# Fish tank rack ideas???



## vukic (Apr 9, 2010)

What's the best method to build a fish tank rack... It'll be for 2 x 3ft tanks or 2 x 4ft tanks...

Would like the cheapest method and easiest method please.. And the cheapest, easiest method...


Hope that makes sense.. :-S lol. 

Thanks for any help.. 

Tiger

Sent from my LT18i using Tapatalk 2


----------



## Cleopatra the Royal (Nov 29, 2008)

I'm not able to put a figure to it cost wise, but a stainless steel frame would be the easiest way to build a rack - that is essentially what the basis of racks you see in aquatics shops use once you take out the tanks and covers.


----------



## vukic (Apr 9, 2010)

Yeah I want a canopy for the bottom tank as at the moment I've only one 3 foot tank with a lid.. The 4's don't have proper lids and the other 3 isn't exactly 3 ft I think .. Think it's 90cm or something stupid like that.. Lol.. 

Tiger

Sent from my LT18i using Tapatalk 2


----------



## Fargle (Aug 8, 2013)

Look at screwfix and other hardware outlets, the heavy duty shelving is fairly good there. It won't look good but you can get stuff to hold lots of weight securely. Go for either stainless steel or aluminium to save headaches in the future. Better to splash out a little to save time/effort/money in a few years.


----------



## vukic (Apr 9, 2010)

Thats definitely true... Might have a look..  am I right in thinking you can get proper fixtures like 90degree corners etc??

Tiger

Sent from my LT18i using Tapatalk 2


----------



## Gazza1587 (Sep 29, 2013)

*Racking*

Have a look at rapid racking they do business and warehouse racking systems which will take a lot of weight. Prices are not too bad. I have used the for servers and in a warehouse for heavy items.


----------



## Shellsfeathers&fur (Jan 18, 2009)

I've been looking into racking for ponds/tanks for the turtles.

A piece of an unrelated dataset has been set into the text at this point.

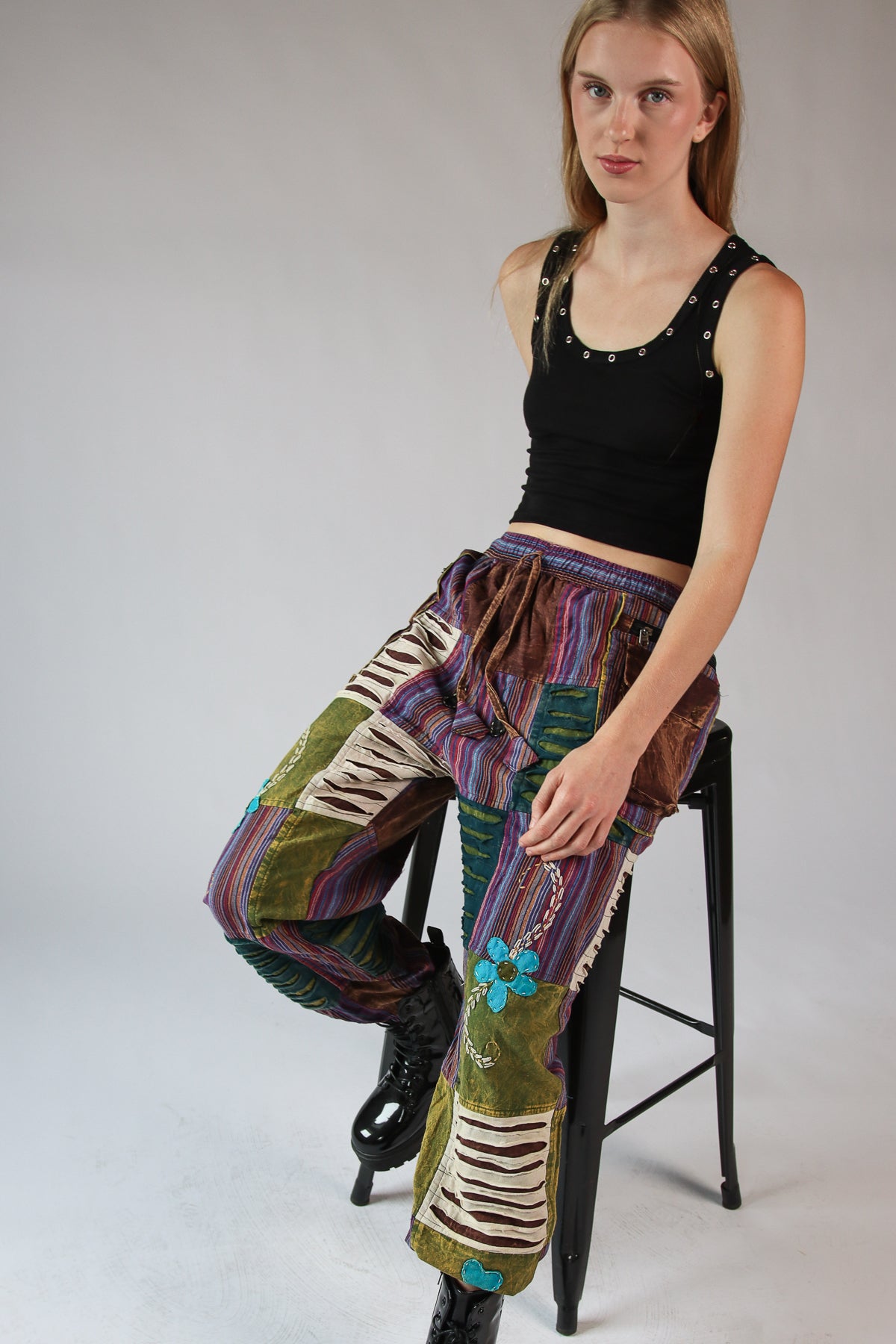 Distressed Embroidered Flower Patchwork Pants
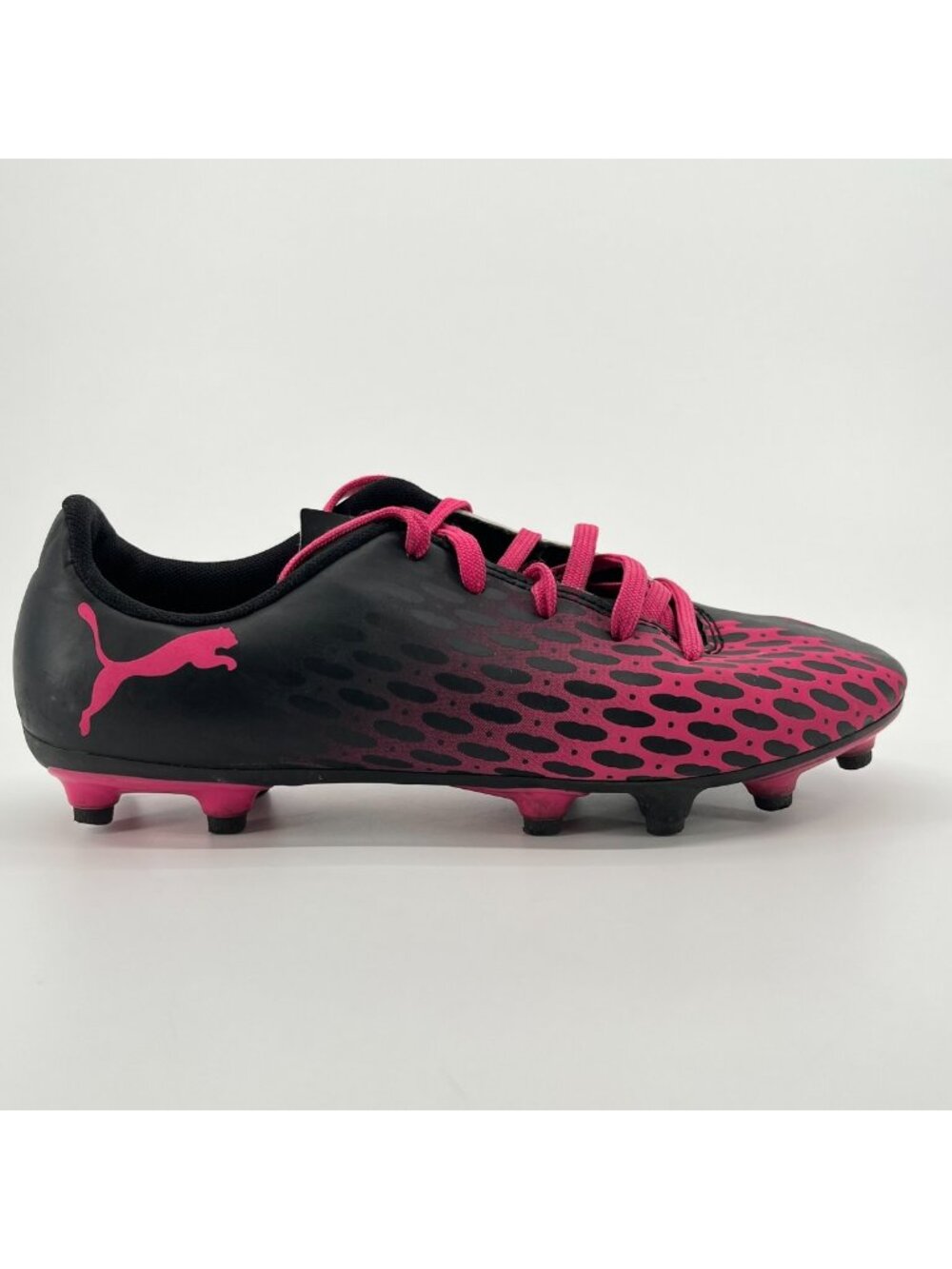 Puma Spirit III FG Girls Size 5Y Black Pink Running Lace Up Soccer Cleats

Machine Mart have a boltless range by Clarkes but they are only 300mm wide, but this may be ok if your tanks are 12"/300mm. Each shelf holds 150kg, or the stronger one will hold 300kg per shelf.

Big Dug also do a range, but again are too narrow. I have found one on eBay but am a bit dubious as to whether it is the "real mccoy".


----------



## blowupcavs (Sep 1, 2007)

He site bigbug has some very well priced racking. I would only use the 300kg rated shelves as 1 litre of water weighs 1kg. So a 3' tank would be about 150kg+.


----------



## Fauna (Oct 20, 2013)

At the minute I use bolt-less racking I got off of ebay, but it's annoyingly only 35" wide so I can't fit 3ft tanks on it! It's worth just having a browse on there for wide heavy duty racking and see what comes up, machinemart does some as well as big dug.


----------